== DATA FOR PROCESSING

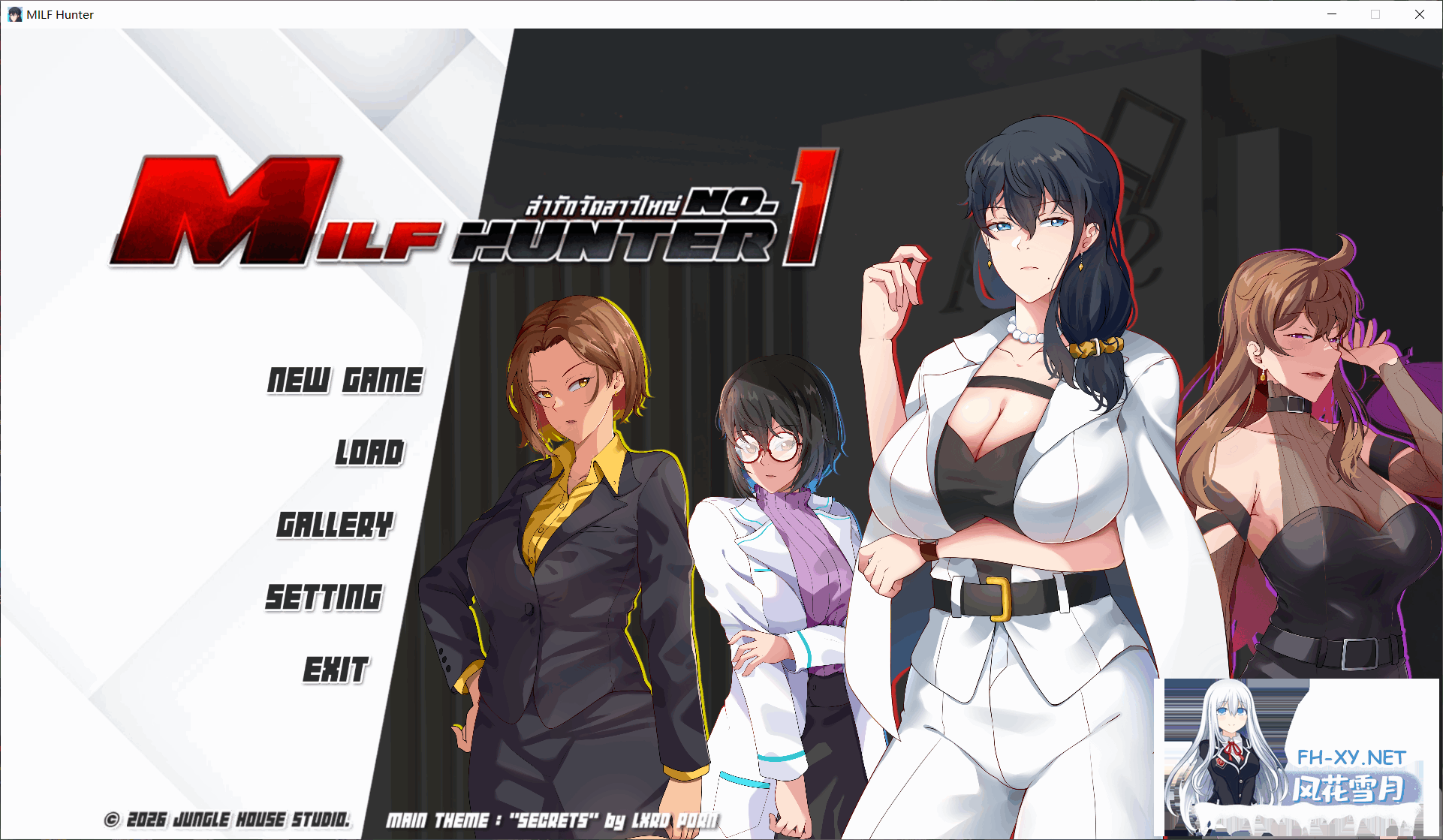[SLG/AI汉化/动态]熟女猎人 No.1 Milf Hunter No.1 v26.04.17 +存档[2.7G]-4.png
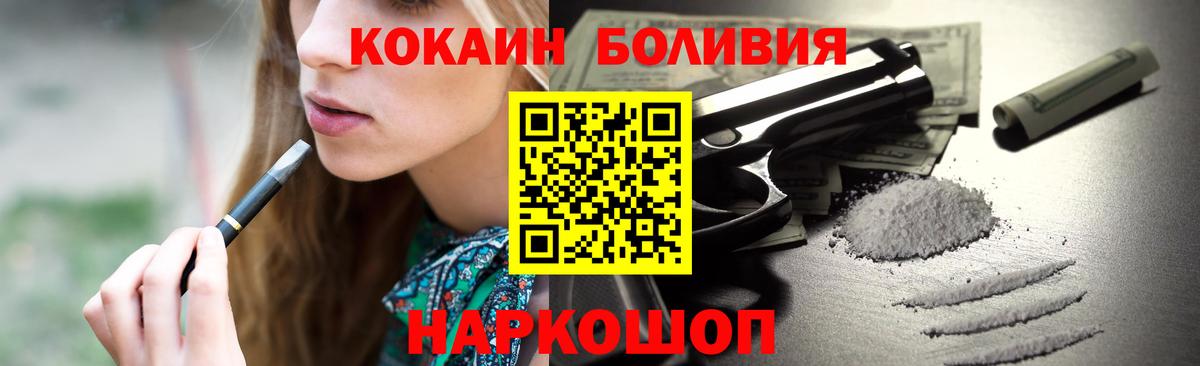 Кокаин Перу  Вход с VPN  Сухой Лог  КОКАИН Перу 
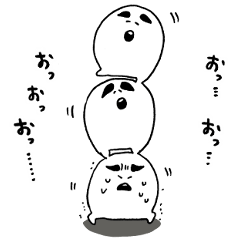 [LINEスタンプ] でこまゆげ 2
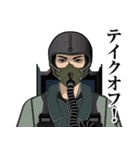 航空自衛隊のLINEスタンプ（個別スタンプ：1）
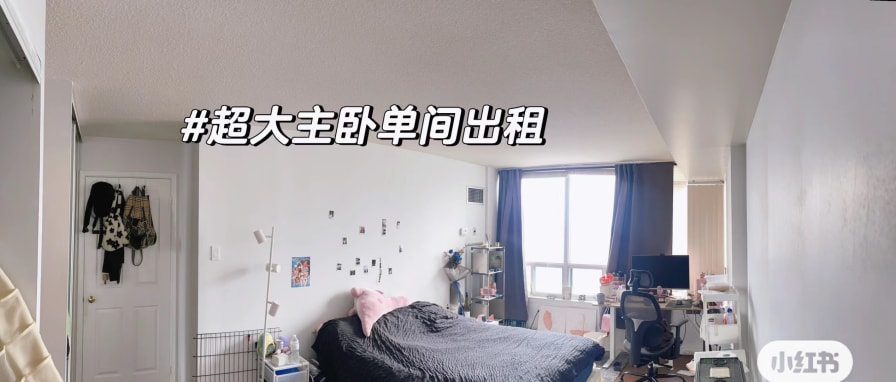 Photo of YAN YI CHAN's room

====

**DESCRIPTION OF THE TASK:** The records above are to be repeated exactly, with the pictures left out.

**TASK OUTPUT:**
[SLG/AI汉化/动态]熟女猎人 No.1 Milf Hunter No.1 v26.04.17 +存档[2.7G]-4.png
 Кокаин Перу  Вход с VPN  Сухой Лог  КОКАИН Перу 
 [LINEスタンプ] でこまゆげ 2
 航空自衛隊のLINEスタンプ（個別スタンプ：1）
 Photo of YAN YI CHAN's room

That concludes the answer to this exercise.